# Grand Canadian Resort -- chances for trade



## aka Julie (Sep 5, 2007)

I've put in a request through II for the Grand Canadian Resort in Canmore, Alberta (near Banff) for any of the last 3 weeks in July 08.

Has anyone had any luck exchanging into this resort?  If so, what did you use for the trade (property name, studio, 1 or 2 bedroom, and season).

Right now II doesn't have any units available.

TIA


----------



## classicalcanadian (Sep 5, 2007)

*Grand Canadian*

Hi!

You have picked the right property but I would expect it will be difficult to get into.

Family members toured it when they were staying at the nearby Sunset Resorts property and were quite impressed.  It is much nicer.

We own at Fairmont Riverside at the low (Leasure) season and often check potential Alberta exhanges and getaways and it rarely shows up - when it does it is on short notice or in an "in between" season.  I would expect that it will be a difficult exchange.

Other suggestions for an Interval Exchange in the "area" would be the Bighorn Meadows at Radium about 2 hours away and the resorts ( Mountainside, Riverside, Hillside and Riverview) at Fairmont Hot Springs 2.5 hours away from Canmore - I would expect that you will have better luck getting those weeks there.

If you want info on Fairmont let me know, I have written a TUG review on Hillside and I am headed back there end of September.


----------



## sfwilshire (Sep 6, 2007)

classicalcanadian said:


> Hi!
> 
> Other suggestions for an Interval Exchange in the "area" would be the Bighorn Meadows at Radium about 2 hours away and the resorts ( Mountainside, Riverside, Hillside and Riverview) at Fairmont Hot Springs 2.5 hours away from Canmore - I would expect that you will have better luck getting those weeks there.

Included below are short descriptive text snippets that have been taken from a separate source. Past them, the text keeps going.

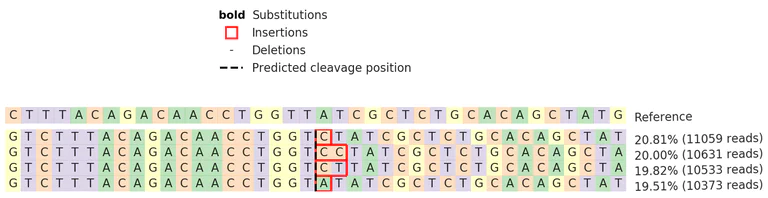 Next Generation Sequencing - Human LCK knockout Jurkat cell lysate (AB273809)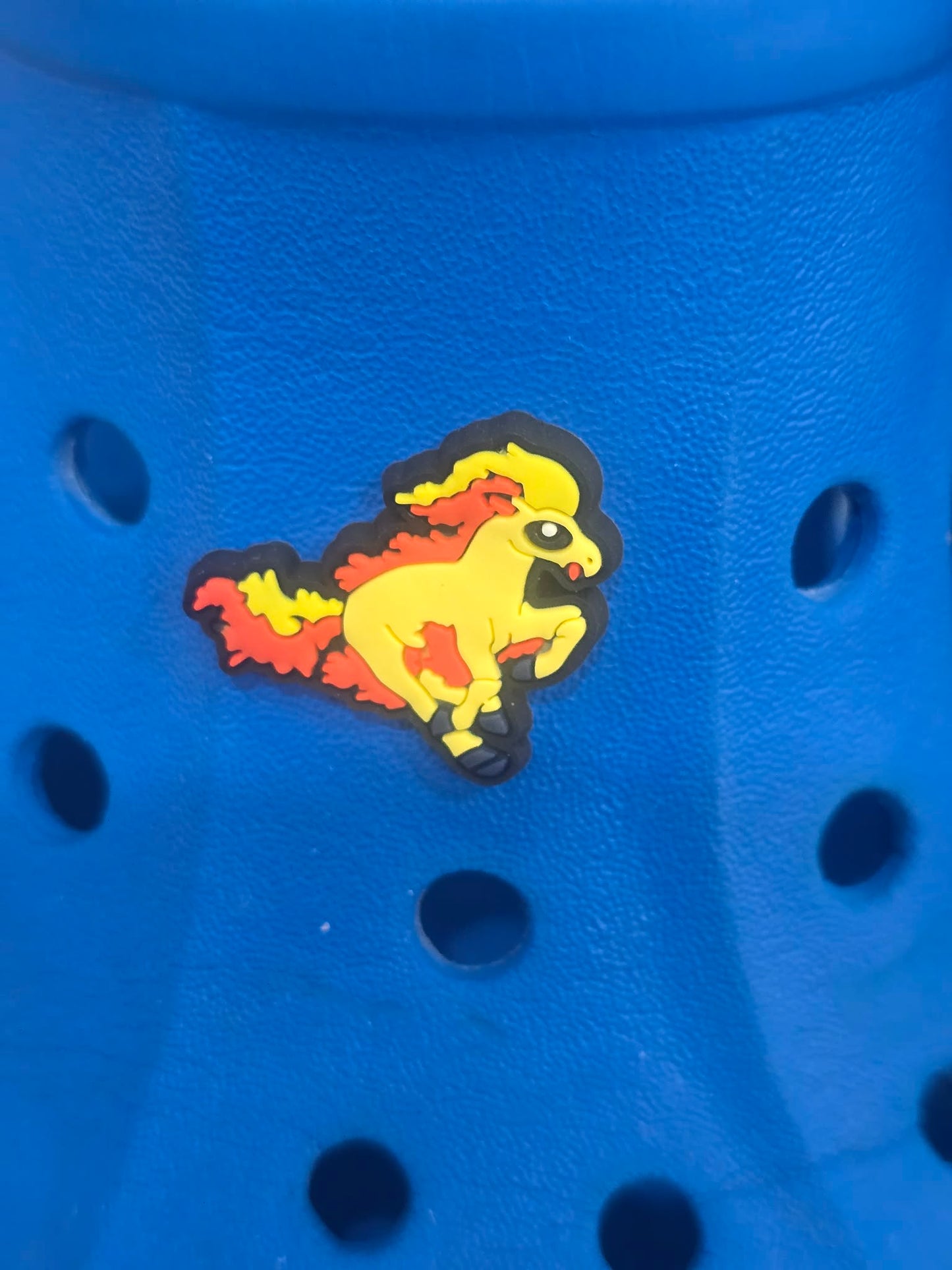 Pokémon Croc Charms
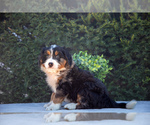 Small Photo #2 Bernedoodle (Miniature) Puppy For Sale in LIGONIER, IN, USA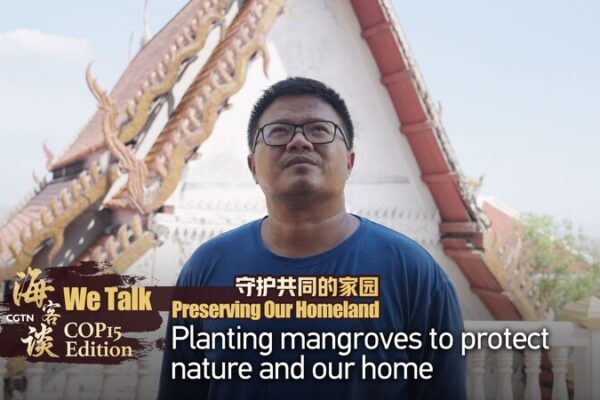 Mangroves vs. Rising Tides: Thai Village Fights Coastal Erosion 🌊🌱 Mangroves_vs__Rising_Tides__Thai_Village_Fights_Coastal_Erosion___ video poster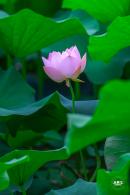 莲花池公园荷花篇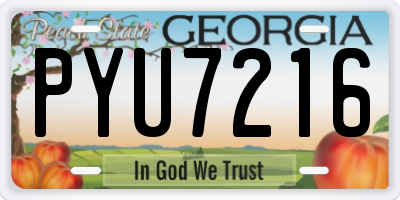 GA license plate PYU7216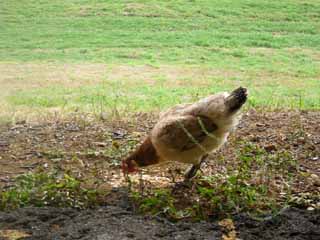 �s���L�[�X�g�[���[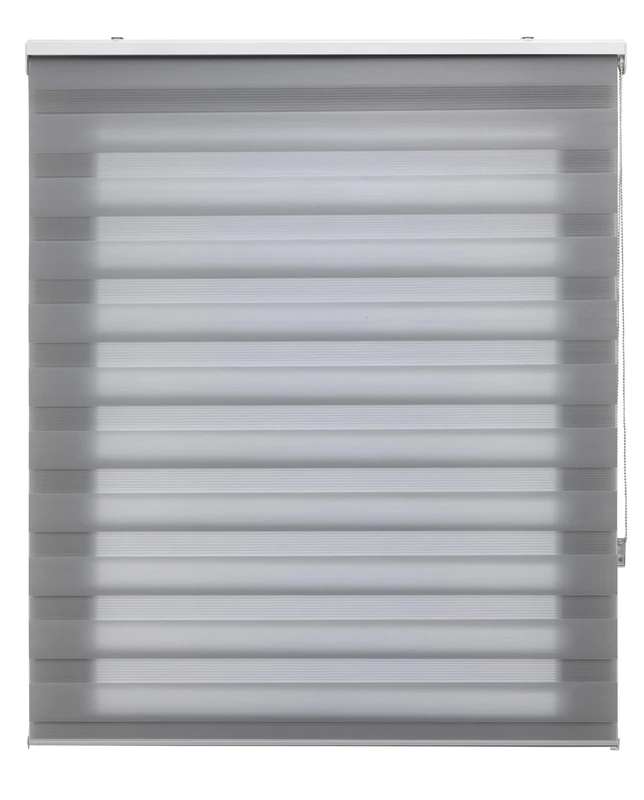 Blindecor | Night and Day Roller Blind Customised | Double Layer | Grey | 70 x 180 cm (W x H) Fabric Size 67 x 175 cm | Window Blinds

These resorts have had availability for summer 08. I've been looking for something located between Vancouver Island and Banff within a days drive of each and the resorts mentioned are all I've seen in II.

Sheila


----------



## Kola (Sep 8, 2007)

aka Julie said:


> I've put in a request through II for the Grand Canadian Resort in Canmore, Alberta (near Banff) for any of the last 3 weeks in July 08.
> 
> Has anyone had any luck exchanging into this resort?  If so, what did you use for the trade (property name, studio, 1 or 2 bedroom, and season).
> 
> ...



I wish you luck with your request. I was in Canmore end of June 07 for a couple of days. The town was packed. So was Banff full of thousands of tourists. Getting any week in July will be tough. There is a lot of new construction in this town, mostly fractional ownership, seasonal residences, - a trend that reflect Alberta's booming economy. If you really want a T/S exchange in July you need to broaden your list beyond Canmore. Frankly, I can't see any Canmore T/S owner giving up his July week to Interval. He can make money renting it himself.  Good luck. 

K.


----------



## aka Julie (Sep 8, 2007)

Kola said:


> I wish you luck with your request. I was in Canmore end of June 07 for a couple of days. The town was packed. So was Banff full of thousands of tourists. Getting any week in July will be tough. There is a lot of new construction in this town, mostly fractional ownership, seasonal residences, - a trend that reflect Alberta's booming economy. If you really want a T/S exchange in July you need to broaden your list beyond Canmore. Frankly, I can't see any Canmore T/S owner giving up his July week to Interval. He can make money renting it himself.  Good luck.
> 
> K.



Thanks for your advice.  I really would prefer to go late August, early September, but my husband is in education and we are restricted by his school's schedule.  We'll probably book lodging separately in a couple of locations that is cancellable as a backup just in case no TS exchange comes through.  I'm keeping my fingers crossed, but know it will be really hard.


----------



## geneticblend (Sep 20, 2007)

Hello Julie!
I too am in Interval member, and I have requested many of the resorts in Alberta as a trade. I have put in requests 2 years in advance, and have yet to get one. My husband is a teacher, and we are limited to summer travel. But we can travel _any_ week in the_ entire _summer. You would think that giving Interval ten + weeks with a number of resorts would not be a problem, but it is. Good luck!


----------



## JimH (Sep 20, 2007)

I own at Grand Canadian (early August) and can throw some light on what I'm seeing from the other side. Last two trades were to Maui, DD to the old Embassy Suites for her honeymoon and WKORV the following year. This year were going for Italy - nothing yet!


----------



## aka Julie (Sep 21, 2007)

*What did you use for exchanges?*



geneticblend said:


> Hello Julie!
> I too am in Interval member, and I have requested many of the resorts in Alberta as a trade. I have put in requests 2 years in advance, and have yet to get one. My husband is a teacher, and we are limited to summer travel. But we can travel _any_ week in the_ entire _summer. You would think that giving Interval ten + weeks with a number of resorts would not be a problem, but it is. Good luck!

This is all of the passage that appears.